In January 2019, the Supreme Court denied review of the DC Circuit Court decision regarding the constitutionality of the CFPB's structure.
In October 2019, the Supreme Court announced it would review the constitutionality of the Bureau's structure in the case Seila Law v. Consumer Financial Protection Bureau.
On October 18, 2019, the Supreme Court granted certiorari in Seila Law and heard oral argument on March 3, 2020.
On March 3, 2020, oral arguments began in the Supreme Court case Seila Law v. Consumer Financial Protection Bureau, concerning the constitutionality of the CFPB's structure.
In June 2020, the United States Supreme Court ruled that the president can remove the director of the CFPB without cause, but the agency could remain in operation.
On June 29, 2020, the Supreme Court ruled in a 5–4 decision that the firing protections of the CFPB director are an unconstitutional restraint on the president's ability to oversee executive branch agencies. However, the court determined the statutes around the Director's position were severable from the remaining structure of the CFPB.
On February 13, 2021, President Joe Biden formally submitted to the Senate the nomination of Rohit Chopra to serve as director of the CFPB.
On September 30, 2021, Rohit Chopra's nomination as director of the CFPB was approved by the Senate with a 50–48 vote.
In December 2021, the CFPB fined LendUp $100,000 due to deceptive marketing and fair lending violations, and the company was required to stop issuing new loans.
In October 2022, the Fifth Circuit ruled in favor of the Community Financial Services Association of America, deeming that CFPB's funding structure was unconstitutional.
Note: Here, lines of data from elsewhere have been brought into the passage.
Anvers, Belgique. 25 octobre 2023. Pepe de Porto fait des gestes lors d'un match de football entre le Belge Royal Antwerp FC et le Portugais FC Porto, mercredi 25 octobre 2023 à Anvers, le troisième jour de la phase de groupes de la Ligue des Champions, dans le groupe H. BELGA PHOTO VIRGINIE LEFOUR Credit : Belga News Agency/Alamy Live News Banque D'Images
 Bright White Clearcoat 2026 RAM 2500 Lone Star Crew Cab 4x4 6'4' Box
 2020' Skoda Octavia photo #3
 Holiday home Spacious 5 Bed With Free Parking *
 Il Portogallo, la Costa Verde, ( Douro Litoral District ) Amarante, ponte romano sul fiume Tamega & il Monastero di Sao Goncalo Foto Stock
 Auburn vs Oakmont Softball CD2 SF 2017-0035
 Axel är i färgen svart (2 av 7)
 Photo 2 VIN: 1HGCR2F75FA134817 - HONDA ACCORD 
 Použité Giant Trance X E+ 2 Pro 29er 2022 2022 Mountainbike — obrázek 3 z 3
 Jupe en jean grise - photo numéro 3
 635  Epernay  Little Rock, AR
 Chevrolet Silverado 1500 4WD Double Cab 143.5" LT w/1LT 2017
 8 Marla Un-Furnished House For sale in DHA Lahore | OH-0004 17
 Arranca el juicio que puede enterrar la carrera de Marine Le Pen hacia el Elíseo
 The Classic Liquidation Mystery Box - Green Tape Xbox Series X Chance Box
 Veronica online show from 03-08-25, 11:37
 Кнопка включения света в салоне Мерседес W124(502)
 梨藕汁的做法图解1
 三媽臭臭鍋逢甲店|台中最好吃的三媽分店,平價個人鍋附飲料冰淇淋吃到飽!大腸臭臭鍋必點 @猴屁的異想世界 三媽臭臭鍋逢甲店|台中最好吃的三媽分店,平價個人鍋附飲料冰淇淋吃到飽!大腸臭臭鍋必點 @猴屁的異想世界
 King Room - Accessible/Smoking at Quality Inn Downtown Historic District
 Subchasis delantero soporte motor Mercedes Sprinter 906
In May 2024, the US Supreme Court reversed the 5th Circuit and upheld the CFPB's funding mechanism in a 7–2 decision written by Justice Clarence Thomas.
In June 2024, the CFPB proposed banning the use of medical debt in credit reports or loan decisions.
In July 2024, the CFPB gave Zelle a choice between a settlement or litigation around its handling of fraud and scams on its platform.
By 2024, the CFPB had recovered $19 billion for consumers in refunds and canceled debts.
In 2024, the CFPB limited credit card late fees to $8. The rule was blocked by a judge, but the reason given for the block was overturned by the Supreme Court.
In 2024, the Supreme Court affirmed the constitutionality of the CFPB's funding mechanism as prescribed by Congress.
On February 1, 2025, CFPB Director Chopra was fired by President Donald Trump, and deputy director Zixta Martinez became the acting director of the agency by operation of law.
On February 11, 2025, Russell Vought restored the CFPB procedures that sustain the mortgage markets.
As of February 14, 2025, the CFPB's website homepage displayed a 404 error, and all content from the agency's social media accounts had been removed.
In February 2025, the CFPB became a target of the Department of Government Efficiency as part of Trump's cost-cutting agenda, with staffers gaining access to consumers' data.